Statistical hope of surviving drive loss vs zpool config

pmeunier · Mar 6, 2014

I have been wondering how many drives can you lose in a zpool and still have your data survive, given various vdev configurations. After many hours of searching I haven't found a statisfying statistical analysis from that perspective; probably, I don't know where to look. I made basic outcome calculations.
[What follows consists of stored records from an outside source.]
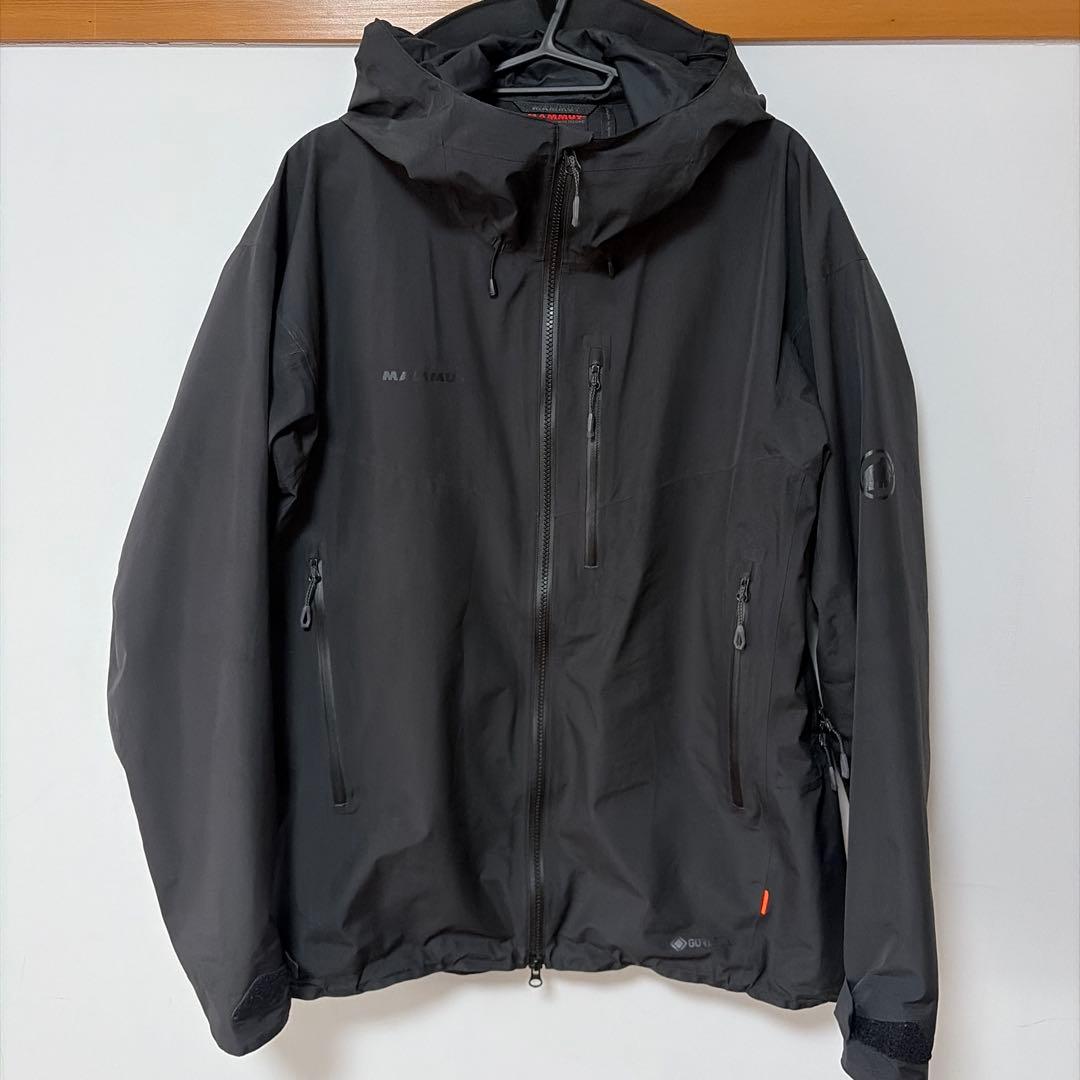 MAMMUT アヤコプロ HS 2.0 AF Men XL ゴアテックス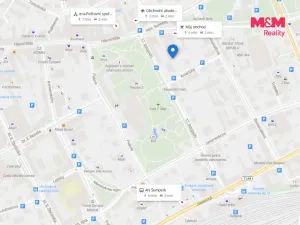 Prodej bytu 2+1, Šumperk, Americká, 70 m2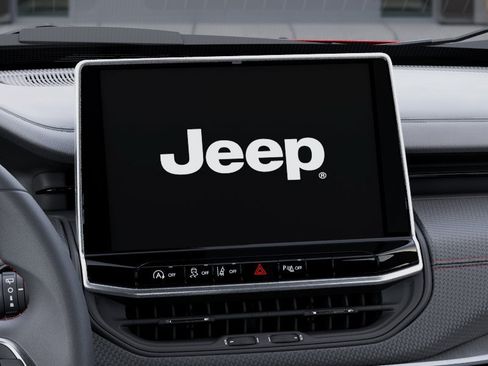 New 2026 Jeep Compass Trailhawk AWD/4WD image 44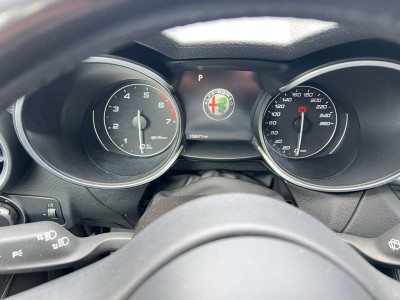 Alfa Romeo Stelvio Gebrauchtwagen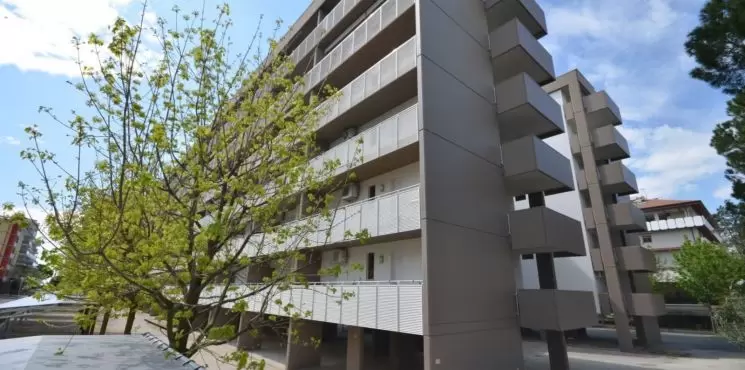 Sequoia apartmanház/ Spiaggia_0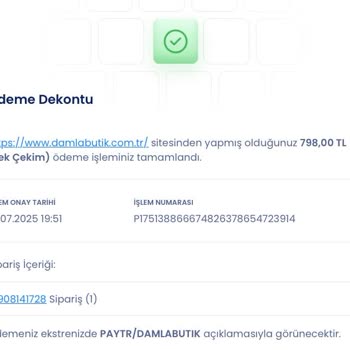 Ödeme Alındı Fakat Sipariş Hesabımda Görünmüyor, İletişim Sağlanamıyor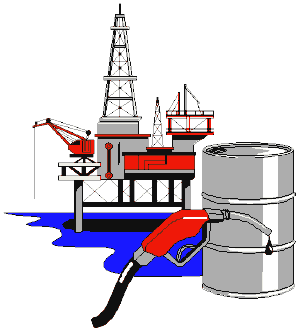 مصادر الطاقة غير المتجددة ~ الوقود الاحفوري Oil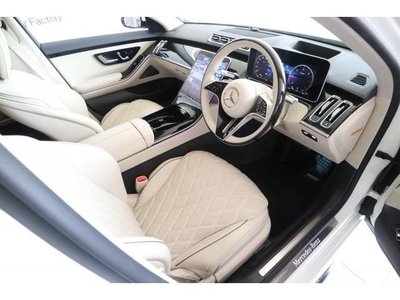 2022 Mercedes-BENZ S-CLASS photo 8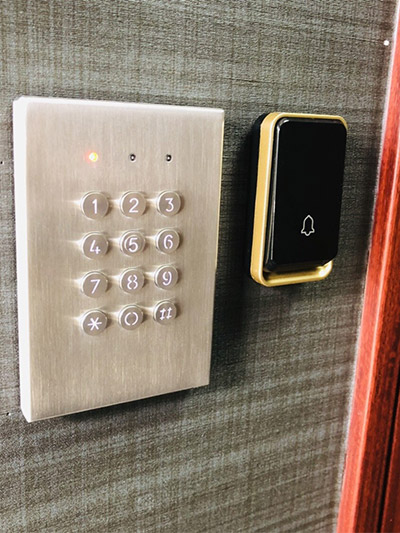 アクセスコントロール E3AKシリーズ・Bluetooth Reader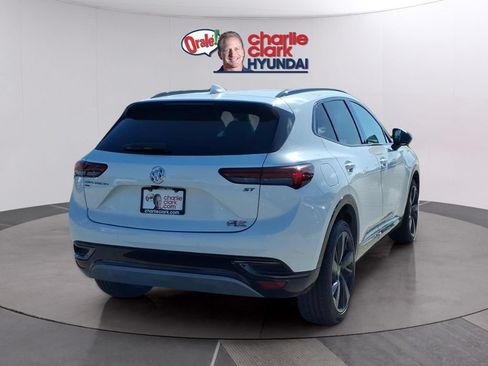 Used 2023 Buick Envision Preferred w/ Sport Touring Package AWD/4WD image 5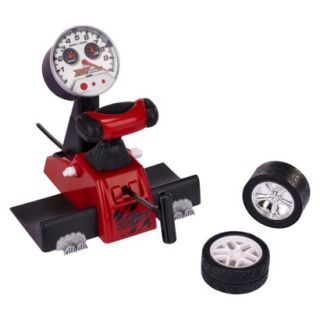 Fly Wheels Twin Turbo Launcher   Red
Starting from the simplest cases, and assuming the loss of a drive is random over the zpool:

a) 4 drives in a RAID 10 (2 mirror vdevs)
probability of surviving the loss of first drive: 1
probability of surviving the loss of second drive: 2/3
Hope of surviving drive losses: 1.67 drives
Obviously a raidz2 will survive the loss of 2 drives, so a raidz2 of 4 drives is a bit safer than a RAID 10.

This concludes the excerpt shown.